Researchers assessed 120 consecutive patients who presented with acute ischemic stroke to a single hospital in Taiwan between October 2012 and April 2013. Stroke diagnosis was ascertained through clinical examination, neurologic findings and the results of brain MRI with diffusion-weighted images. Patients were aged 18 to 85 years and assigned to receive (n=55) or not receive a statin (n=65) according to serum LDL cholesterol levels after the stroke. Patients with evidence of atherosclerosis and LDL levels of 100 mg/dL or higher were prescribed statins. An at-risk control group that consisted of 80 age- and gender-matched participants without clinical evidence of acute cerebral infarction also was included.
Patients underwent full neurologic examinations at the initiation of the study and during follow-up. The researchers collected blood samples from the stroke patients within 48 hours of the stroke (designated as day 1), as well as on day 7 and day 30. The blood samples were assayed for total HDL, LDL cholesterol and triglycerides. Plasma oxidized LDL levels were determined using the mAb-4E6-based enzyme-linked immunosorbent assay (Mercodia).
Stroke patients had significantly higher plasma oxidized LDL levels than those in the control group (P< .001). However, although oxidized LDL levels were similar between statin recipients and non-recipients, oxidized LDL was significantly lower among those taking statins on day 7 and day 30 vs. those without statin treatment (P<.01). Adjustment for covariates, including high-sensitivity C-reactive protein, white blood cell count, NIH Stroke Scale (NIHSS), serial plasma oxidized LDL and other risk factors of acute ischemic stroke, did not significantly alter these results.
Researchers observed positive correlations between plasma oxidized LDL and blood total cholesterol, LDL cholesterol and HbA1c. NIHSS score (OR=1.55; 95% CI, 1.02-1.18) and oxidized LDL level at admission (OR=1.09; 95% CI, 1.02-1.18) were the only evaluated potential risk factors independently linked to 3-month outcomes.
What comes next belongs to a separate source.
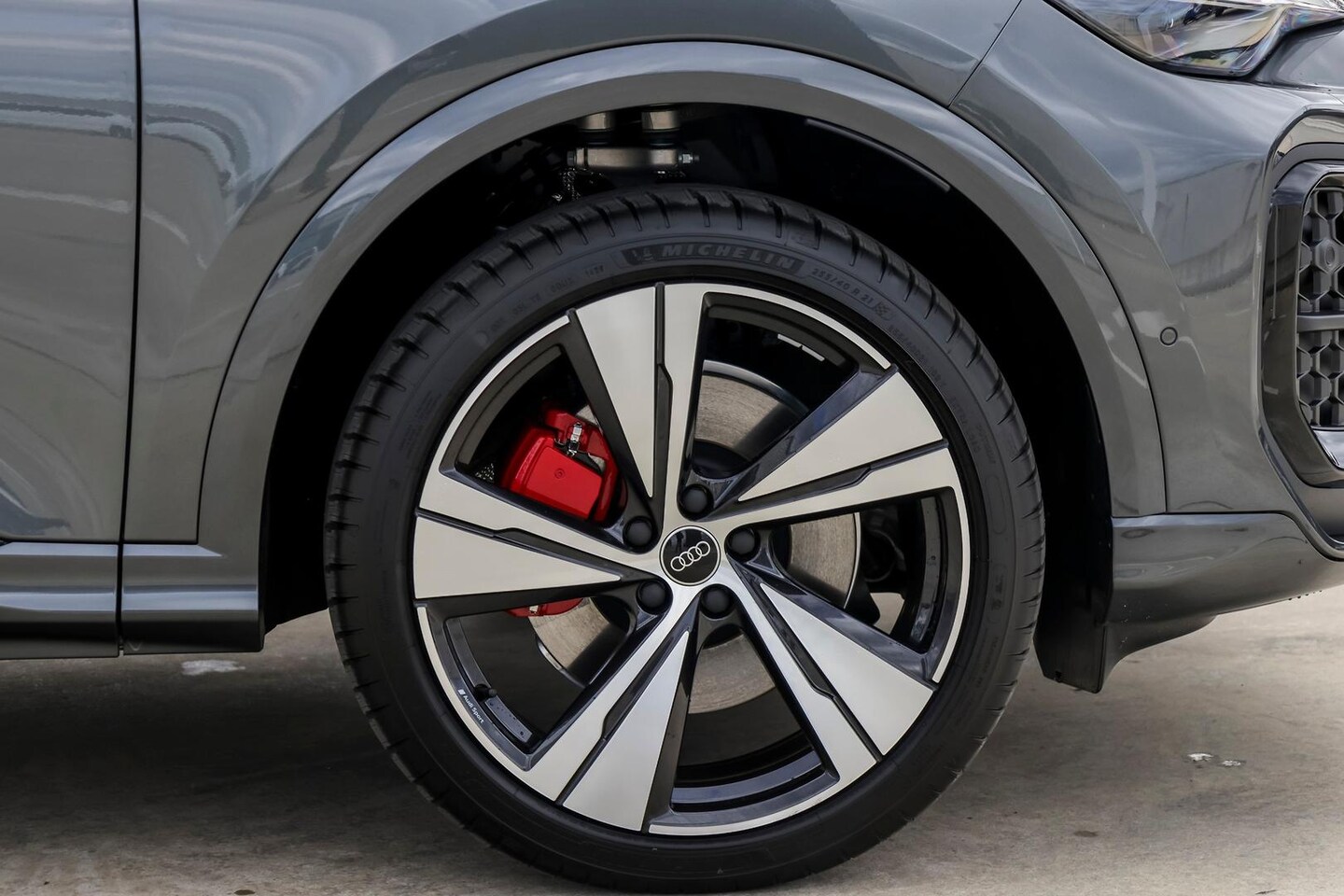 Image about Audi Q5 Sportback e-hybrid quattro S tronic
“Our study demonstrates that statin therapy reduces plasma [oxidized] LDL level,” the researchers wrote. “The plasma [oxidized] LDL may be a better predictor than serum LDL, [high-sensitivity] CRP or [white blood cell] counts in blood after [acute ischemic stroke]. Therefore, assay of plasma [oxidized] LDL should be added as a predictor among the panel of conventional biomarkers in stroke outcome.”
Disclosure: The researchers report no relevant financial disclosures.